What you will do: Beginning at the first line of the material, output each line exactly until you reach and include the line containing "1 girl, serene". Leave every picture out.

------------

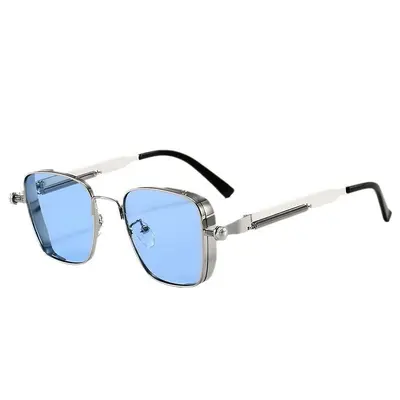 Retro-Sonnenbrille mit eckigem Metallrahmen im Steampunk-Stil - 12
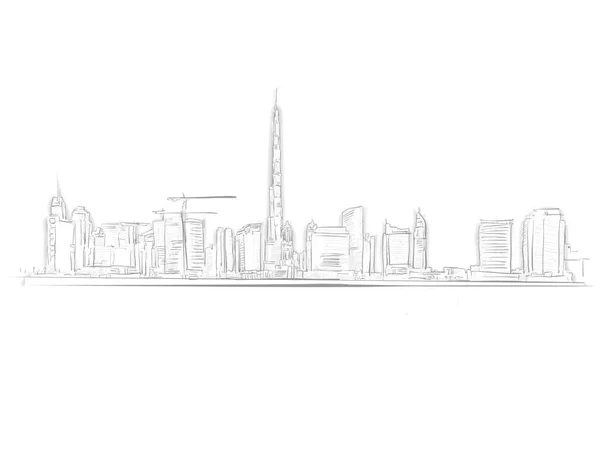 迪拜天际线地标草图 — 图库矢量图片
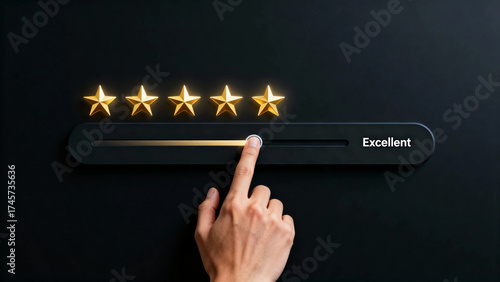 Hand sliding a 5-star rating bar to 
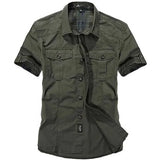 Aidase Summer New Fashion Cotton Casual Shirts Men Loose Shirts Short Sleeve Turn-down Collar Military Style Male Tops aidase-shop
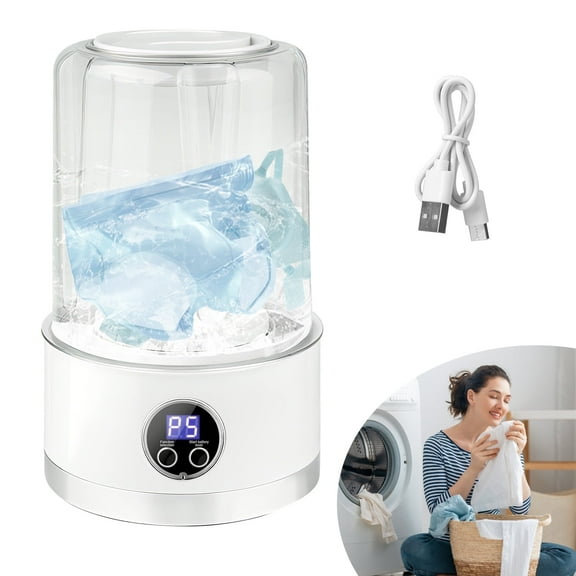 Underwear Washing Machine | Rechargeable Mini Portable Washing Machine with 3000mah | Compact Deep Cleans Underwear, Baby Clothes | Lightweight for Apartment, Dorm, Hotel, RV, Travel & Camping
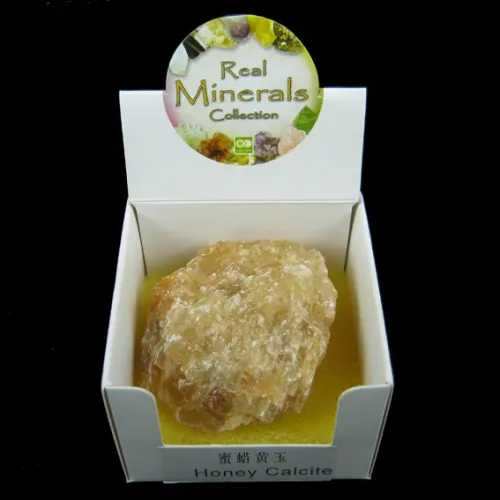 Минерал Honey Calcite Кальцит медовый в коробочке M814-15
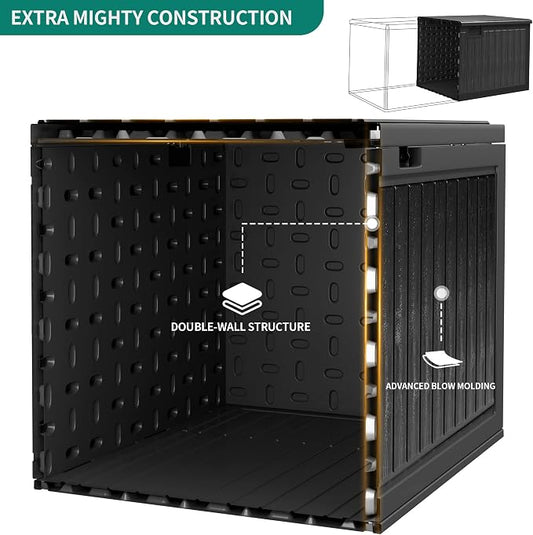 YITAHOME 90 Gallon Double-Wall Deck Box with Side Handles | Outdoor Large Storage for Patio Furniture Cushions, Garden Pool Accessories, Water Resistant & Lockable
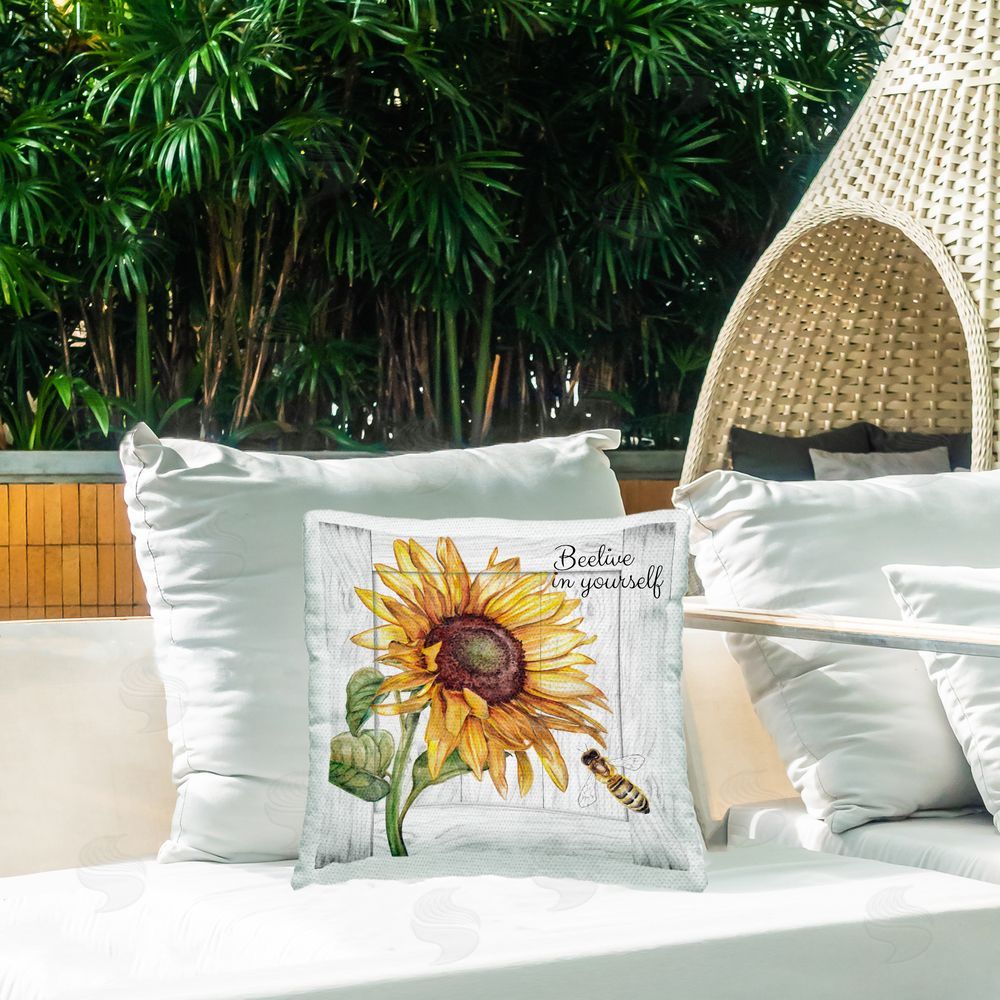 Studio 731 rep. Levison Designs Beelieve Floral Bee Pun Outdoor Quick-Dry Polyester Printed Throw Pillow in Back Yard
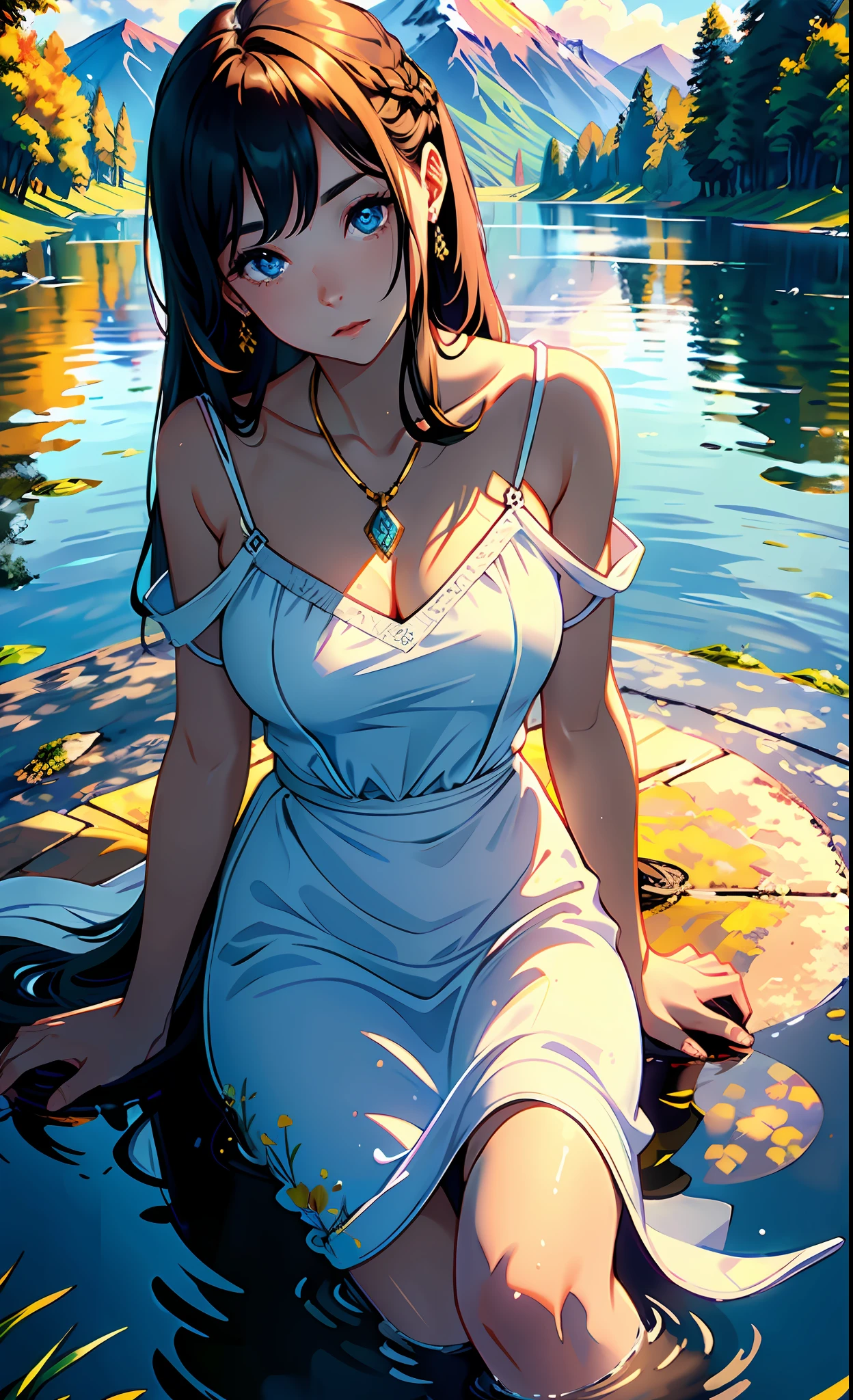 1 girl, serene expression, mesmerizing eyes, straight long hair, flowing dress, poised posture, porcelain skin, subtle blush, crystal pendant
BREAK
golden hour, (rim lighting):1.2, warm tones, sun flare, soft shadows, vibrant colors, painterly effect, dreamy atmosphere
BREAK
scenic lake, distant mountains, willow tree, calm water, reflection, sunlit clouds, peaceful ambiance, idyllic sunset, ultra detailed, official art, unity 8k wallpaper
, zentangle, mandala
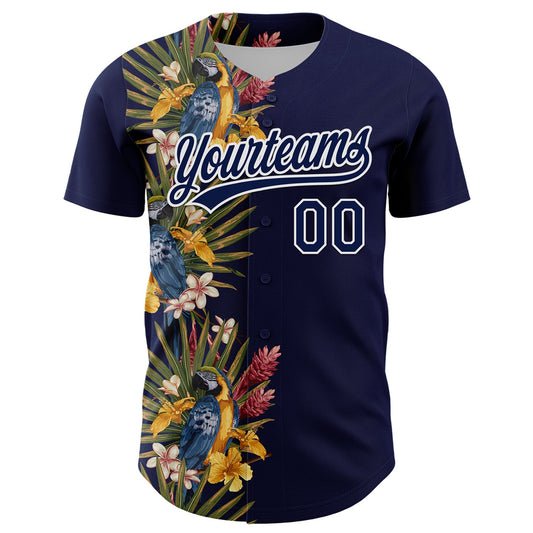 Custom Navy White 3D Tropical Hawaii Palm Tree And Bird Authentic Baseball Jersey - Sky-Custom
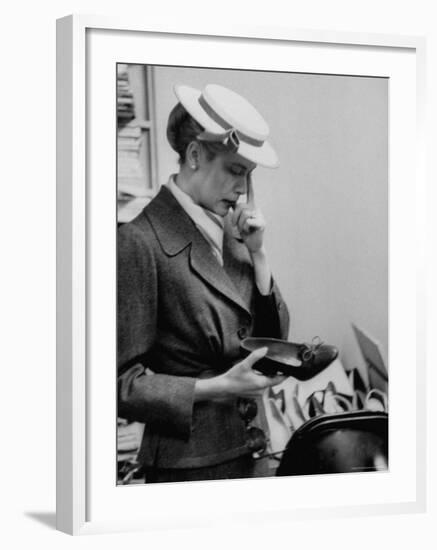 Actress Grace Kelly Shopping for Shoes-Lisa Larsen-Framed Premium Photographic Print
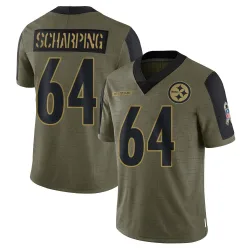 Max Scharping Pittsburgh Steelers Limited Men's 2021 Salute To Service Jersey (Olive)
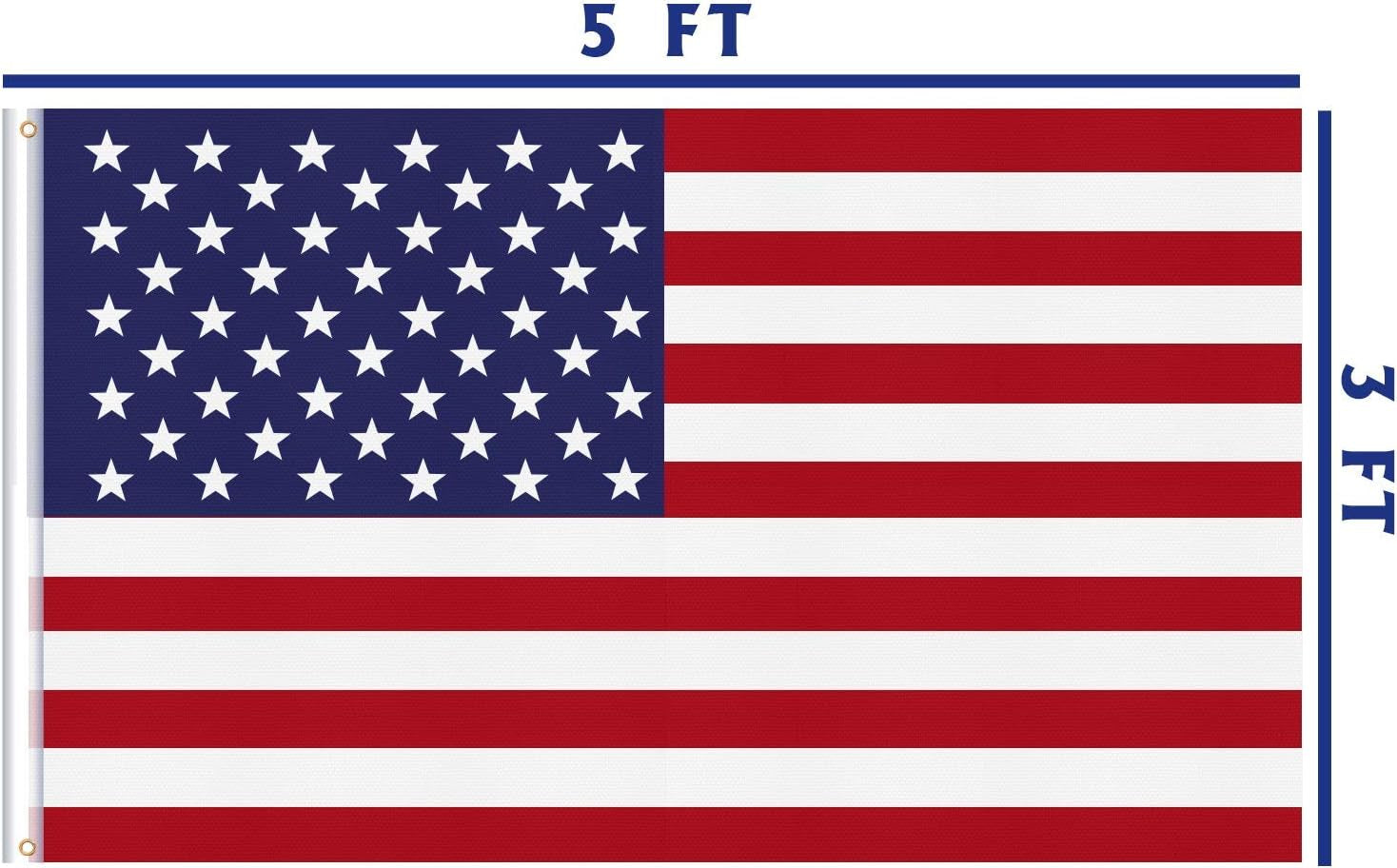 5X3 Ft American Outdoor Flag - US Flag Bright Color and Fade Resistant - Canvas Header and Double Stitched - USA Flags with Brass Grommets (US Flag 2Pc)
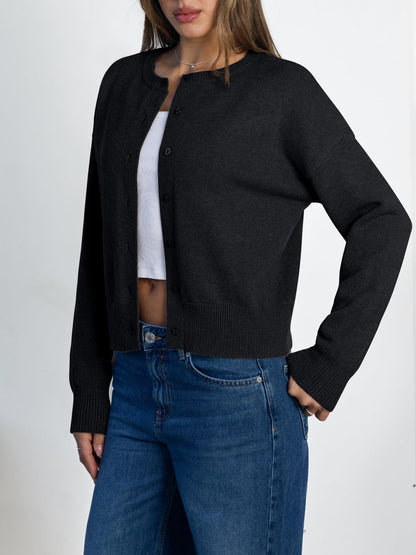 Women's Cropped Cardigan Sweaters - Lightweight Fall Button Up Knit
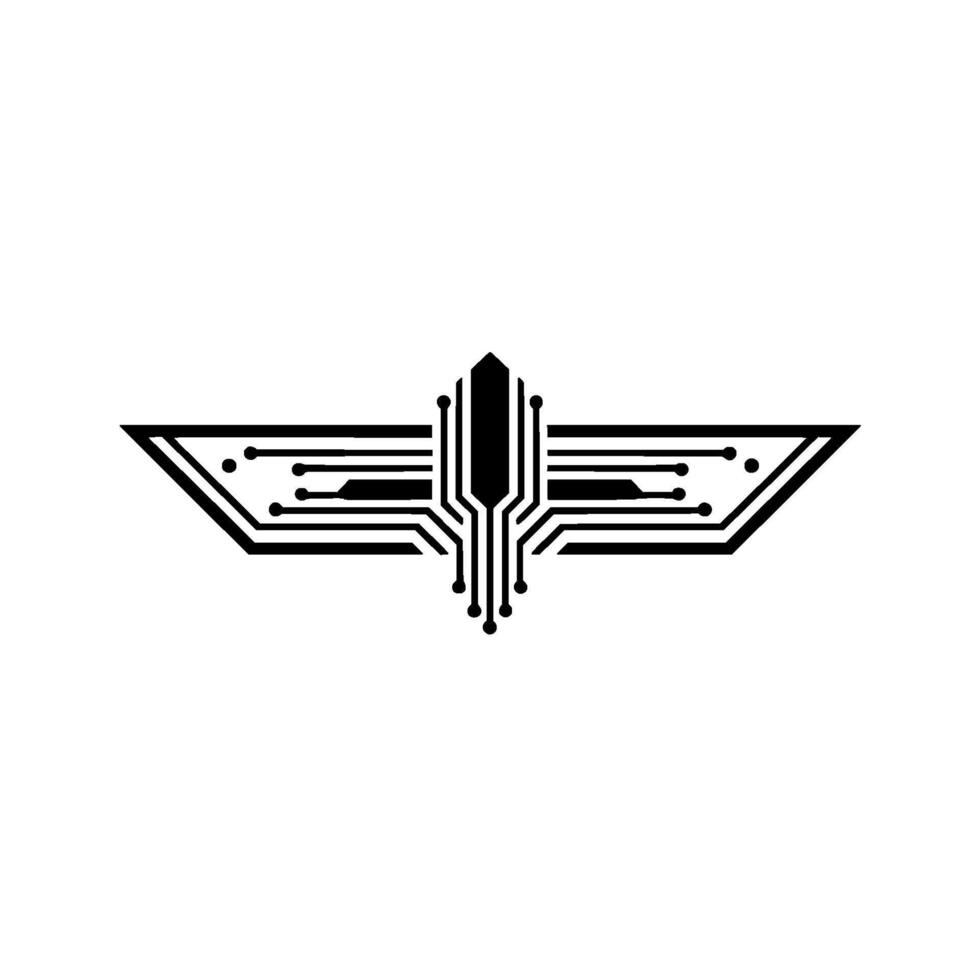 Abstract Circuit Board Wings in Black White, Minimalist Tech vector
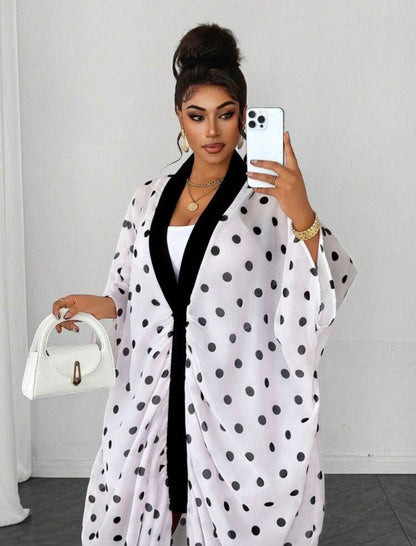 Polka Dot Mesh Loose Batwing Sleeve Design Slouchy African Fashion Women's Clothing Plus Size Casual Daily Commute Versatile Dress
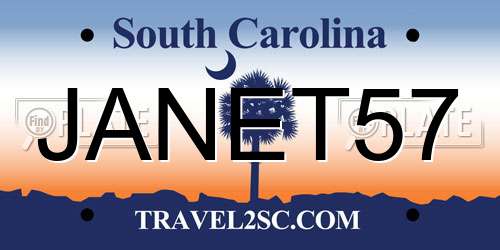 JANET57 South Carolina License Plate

------------

Task output:
 Retro-Sonnenbrille mit eckigem Metallrahmen im Steampunk-Stil - 12
 迪拜天际线地标草图 — 图库矢量图片
 Hand sliding a 5-star rating bar to 
 Aidase Summer New Fashion Cotton Casual Shirts Men Loose Shirts Short Sleeve Turn-down Collar Military Style Male Tops aidase-shop
 Underwear Washing Machine | Rechargeable Mini Portable Washing Machine with 3000mah | Compact Deep Cleans Underwear, Baby Clothes | Lightweight for Apartment, Dorm, Hotel, RV, Travel & Camping
 Минерал Honey Calcite Кальцит медовый в коробочке M814-15
 YITAHOME 90 Gallon Double-Wall Deck Box with Side Handles | Outdoor Large Storage for Patio Furniture Cushions, Garden Pool Accessories, Water Resistant & Lockable
 Studio 731 rep. Levison Designs Beelieve Floral Bee Pun Outdoor Quick-Dry Polyester Printed Throw Pillow in Back Yard
 1 girl, serene expression, mesmerizing eyes, straight long hair, flowing dress, poised posture, porcelain skin, subtle blush, crystal pendant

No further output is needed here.